## Directions
In the entries below, find the line with "Fig. 02 - MEASURING" and the line with "暢網推出miniitx板u套裝可選amd銳龍7940hs移動處理器2888元". Reproduce those two lines and every line between them exactly, and nothing more.

## Data for this task
*** Begin section ***

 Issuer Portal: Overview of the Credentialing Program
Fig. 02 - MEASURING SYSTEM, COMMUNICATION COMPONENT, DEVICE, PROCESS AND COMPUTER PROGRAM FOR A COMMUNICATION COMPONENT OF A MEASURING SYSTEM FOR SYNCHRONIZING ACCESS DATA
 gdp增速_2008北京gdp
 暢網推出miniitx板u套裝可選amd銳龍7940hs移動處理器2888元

*** End section ***
*** Begin section ***

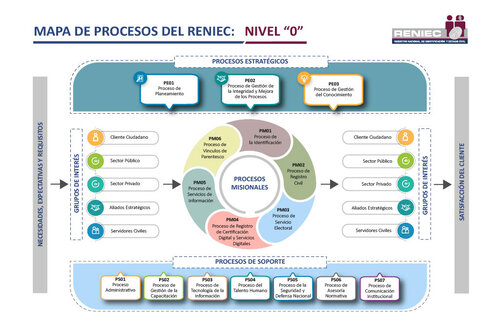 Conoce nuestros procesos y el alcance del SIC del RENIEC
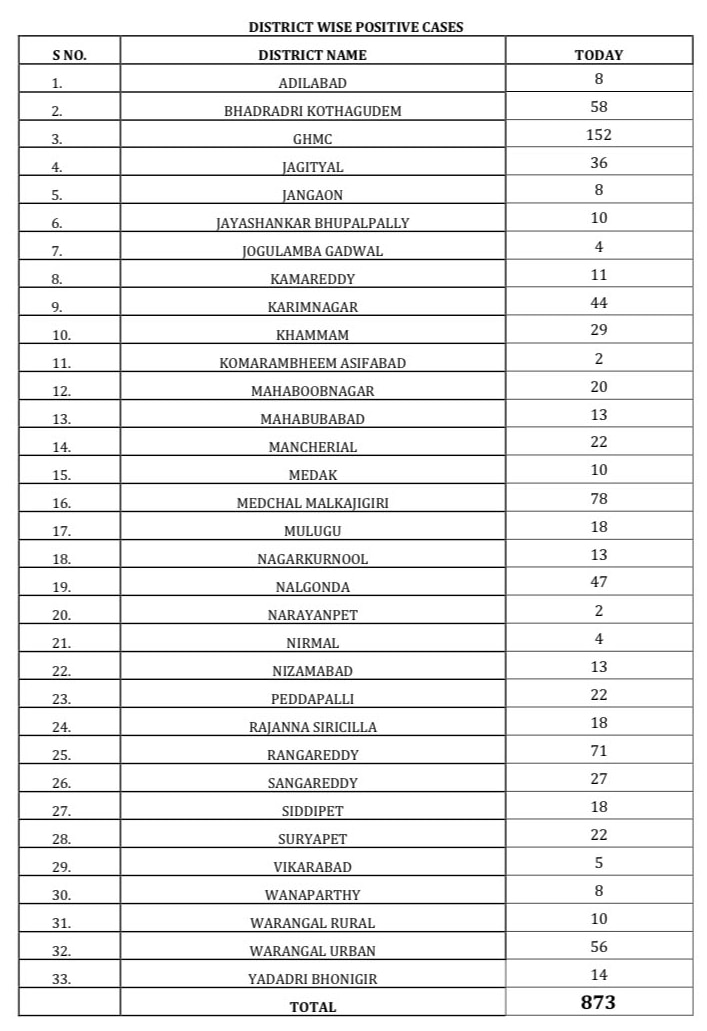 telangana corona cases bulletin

*** End section ***

## Solution for this problem
Fig. 02 - MEASURING SYSTEM, COMMUNICATION COMPONENT, DEVICE, PROCESS AND COMPUTER PROGRAM FOR A COMMUNICATION COMPONENT OF A MEASURING SYSTEM FOR SYNCHRONIZING ACCESS DATA
 gdp增速_2008北京gdp
 暢網推出miniitx板u套裝可選amd銳龍7940hs移動處理器2888元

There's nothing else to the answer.